ABOUT THIS EXERCISE: Among the lines below, output only those between the line holding "Mercedes-Benz Klasa C" and the line holding "Volvo S70 V70", inclusive, exactly as written and with no pictures.
*** DATA FOR PROCESSING ***
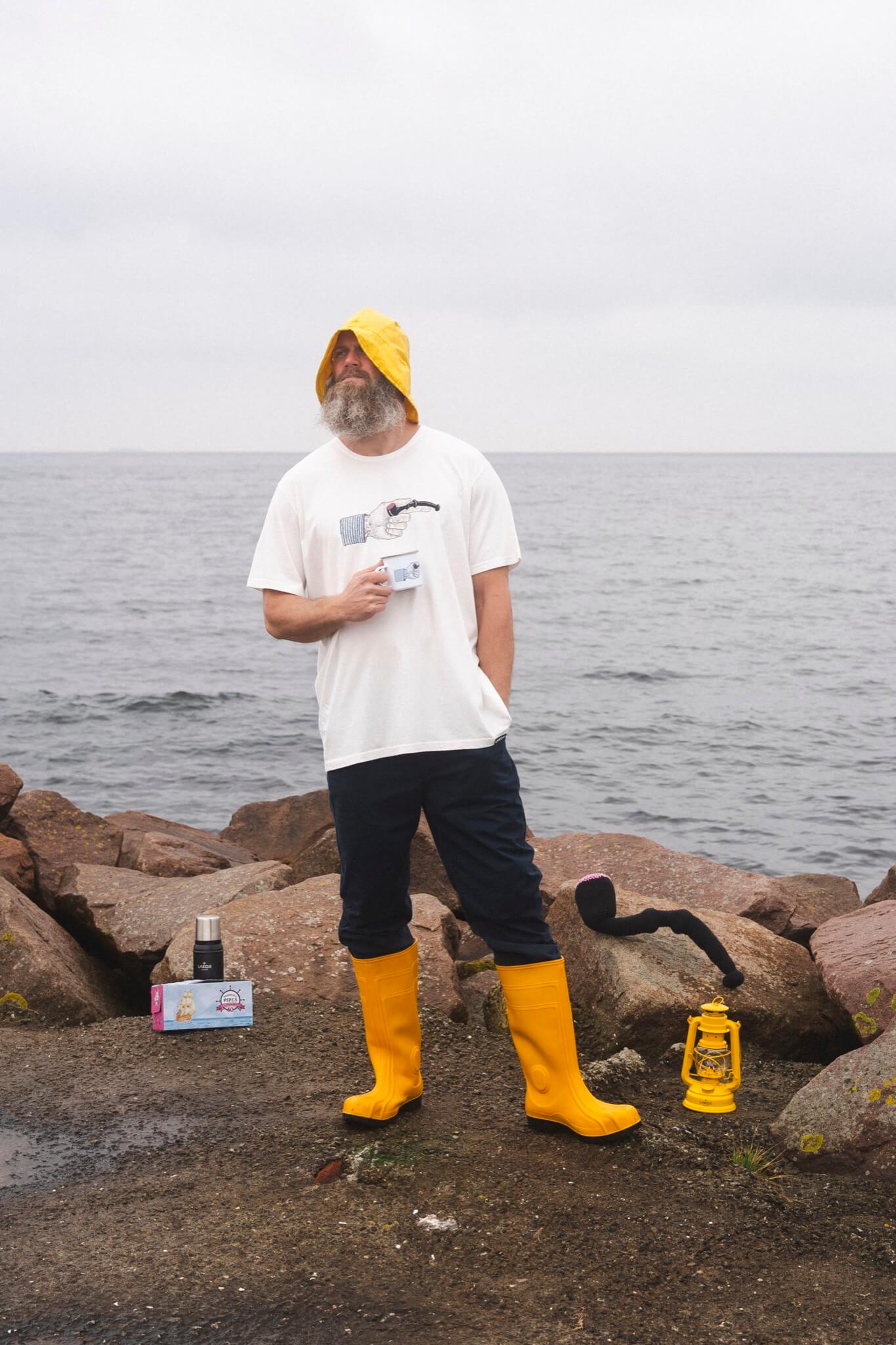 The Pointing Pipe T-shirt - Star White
*** End of DATA FOR PROCESSING ***
*** DATA FOR PROCESSING ***
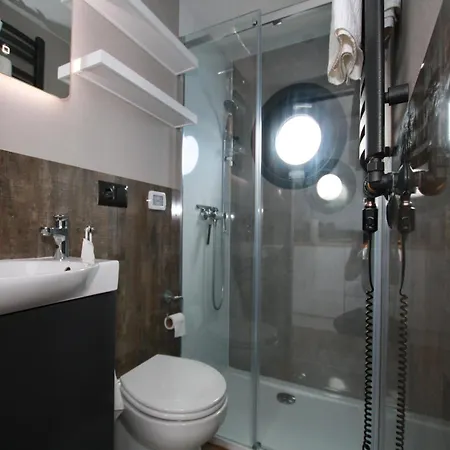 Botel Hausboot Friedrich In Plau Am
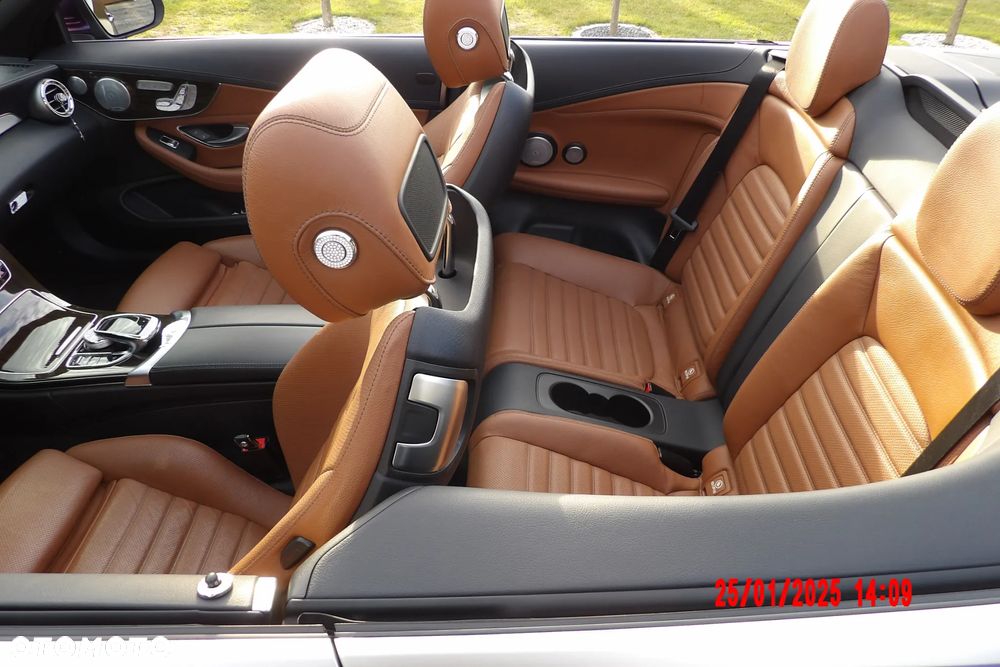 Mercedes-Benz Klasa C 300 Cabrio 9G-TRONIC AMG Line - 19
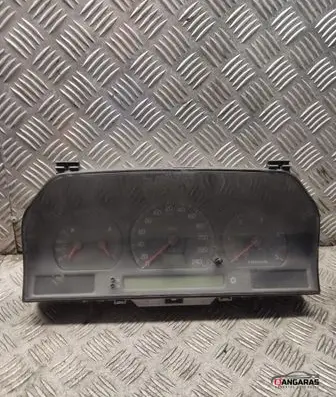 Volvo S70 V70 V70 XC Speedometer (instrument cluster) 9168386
*** End of DATA FOR PROCESSING ***
*** DATA FOR PROCESSING ***
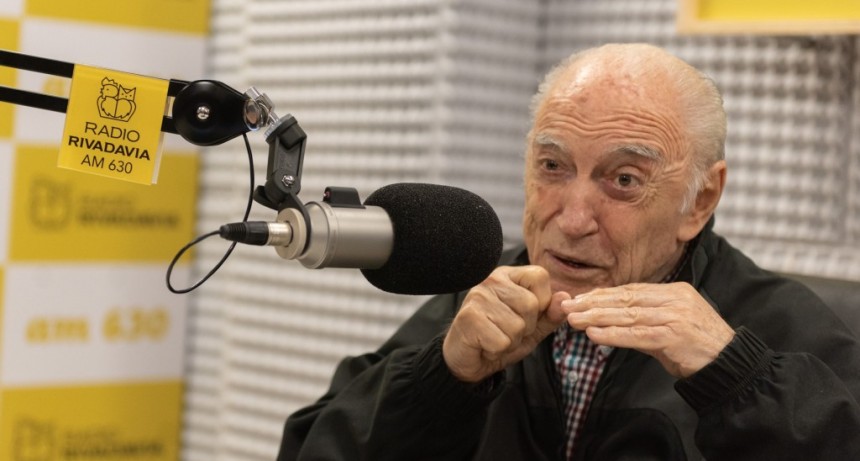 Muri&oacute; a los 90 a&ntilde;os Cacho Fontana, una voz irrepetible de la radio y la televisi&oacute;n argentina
*** End of DATA FOR PROCESSING ***
SOLUTION TO THE PROBLEM:
 Mercedes-Benz Klasa C 300 Cabrio 9G-TRONIC AMG Line - 19
 Volvo S70 V70 V70 XC Speedometer (instrument cluster) 9168386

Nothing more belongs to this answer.